Para el caso de América Latina, indica que la tasa anual de crecimiento regional, que fue negativa en los dos últimos años, pasará a ser positiva y del orden del 1,2 por ciento, en el 2017, 2,3 por ciento, en el 2018, y 2,6 por ciento, en el 2019, debido a una estabilización de los productos básicos y al mejor ambiente de la economía mundial, pero también como resultado de la consolidación fiscal y de las reformas estructurales que vienen siendo adoptadas en varios de los países de la región.

Para el caso de Colombia, el Banco Mundial estima que la tasa de crecimiento alcanzó el 1,7 por ciento, en el 2016, y que ascenderá al 2,5 en el 2017. El Fondo Monetario Internacional prevé que para el 2018 esta será del 3,5 por ciento. Las proyecciones para el año en curso son del 2,7 por ciento para Argentina; 0,5 por ciento para Brasil, y 1,8 por ciento para México, el cual se verá particularmente afectado de manera adversa por la política comercial de la administración Trump. En el caso de Venezuela, estima un desastroso crecimiento negativo del 11,6 por ciento en el 2016, y que la tasa continuará siendo negativa y del –4,3 por ciento en este año. Respecto a Chile y Perú, proyecta tasas anuales de crecimiento para el 2017 del 2,0 y 4,2 por ciento, respectivamente.

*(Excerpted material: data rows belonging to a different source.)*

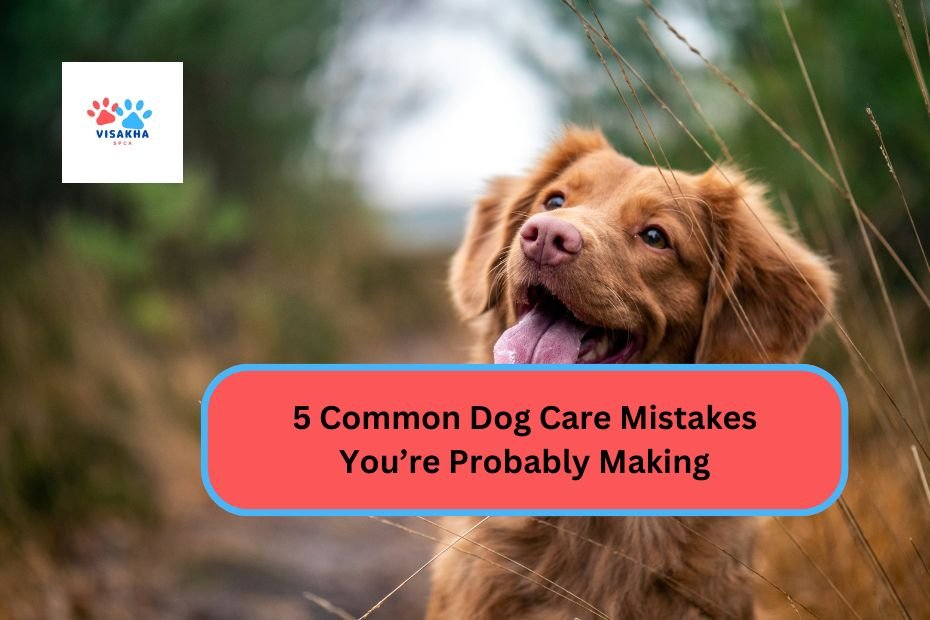 5 Common Dog Care Mistakes You’re Probably Making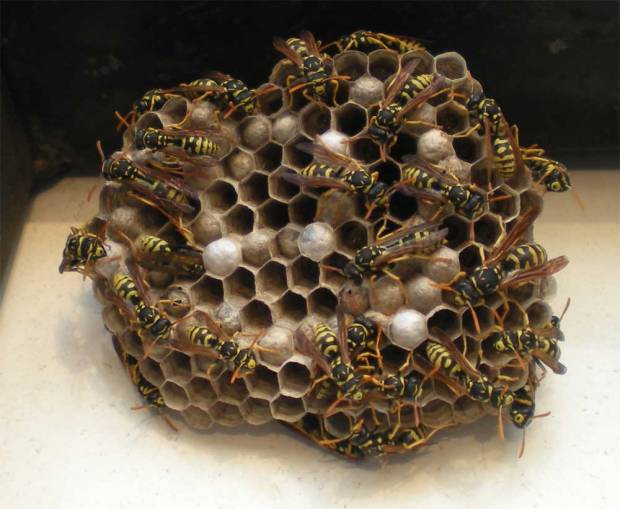 polistes-gallicus-02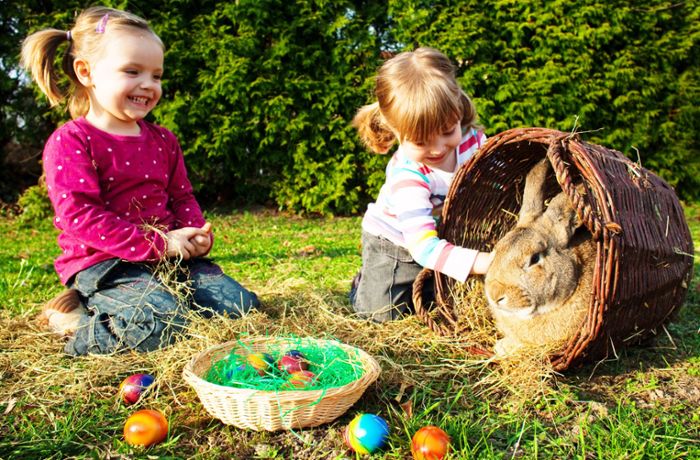 Osterbräuche im Check: Wieso verstecken wir bunte Eier – und woher kommt der Osterhase?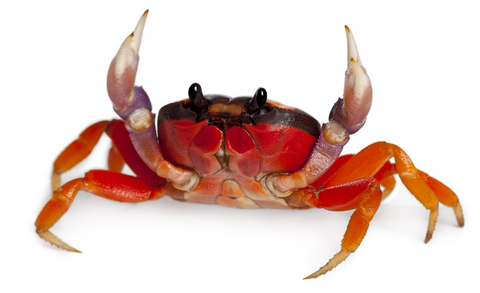 Crab #13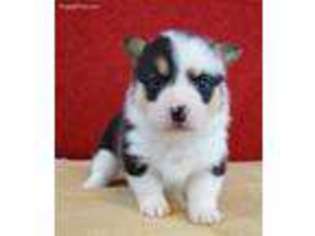 Pembroke Welsh Corgi Puppy for sale in Kingsbury, TX, USA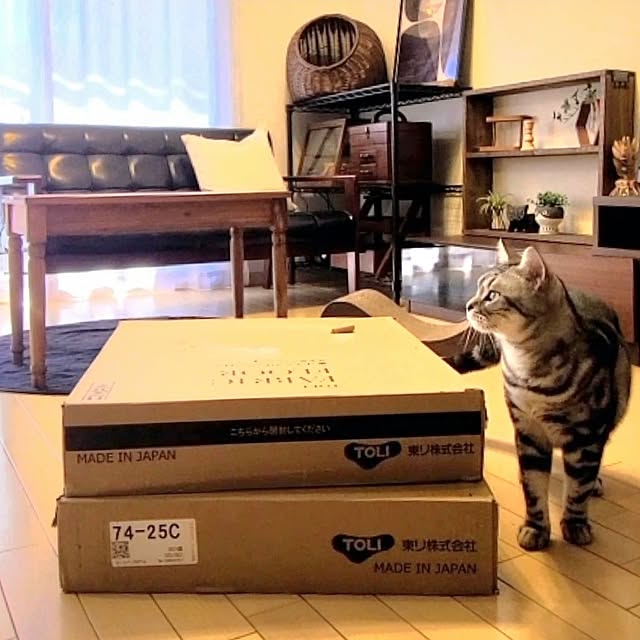 lovepeaceさんの実例写真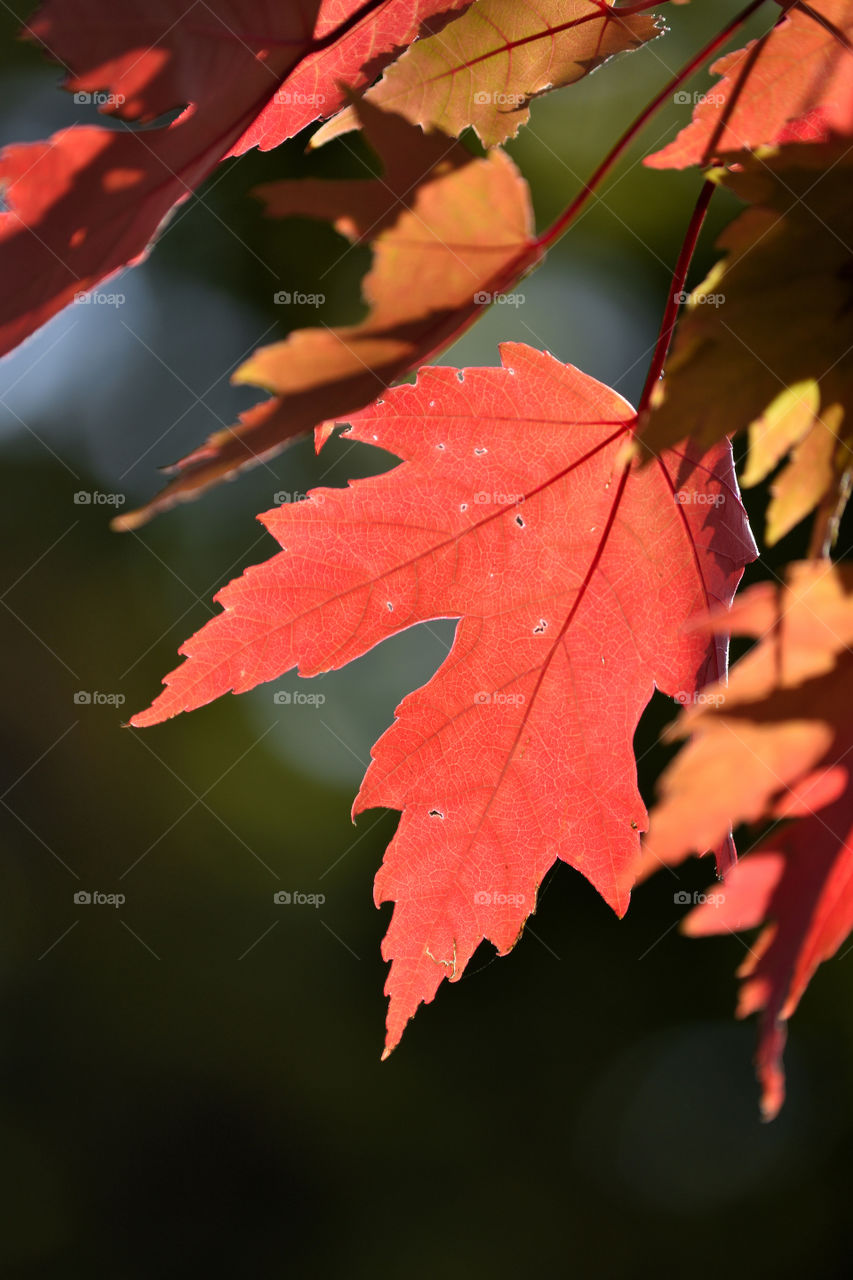 Canadian autumn in Quebec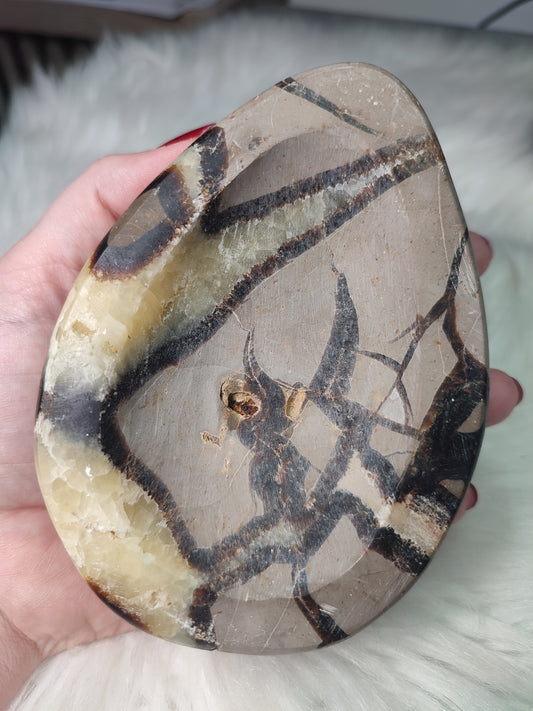 Cuenco septaria 751 gramos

Para el Banco Mundial, los principales riesgos económicos externos que enfrenta América Latina son la incidencia que puedan traer las políticas adoptadas por los países más avanzados, particularmente las restricciones al comercio por parte de Estados Unidos; el riesgo de una nueva recaída de los precios internacionales de los productos básicos de exportación, y la probabilidad que se dé una restricción monetaria y de incremento, mayor al esperado, en las tasas de interés por parte de la Reserva Federal de Estados Unidos.

En términos de los retos para hacer frente a las incertidumbres de la economía mundial, destaca la importancia de adelantar ajustes fiscales que no inhiban la inversión en la infraestructura, y atraer inversión extranjera directa de mayor valor agregado que contribuya a expandir la industria manufacturera de la región.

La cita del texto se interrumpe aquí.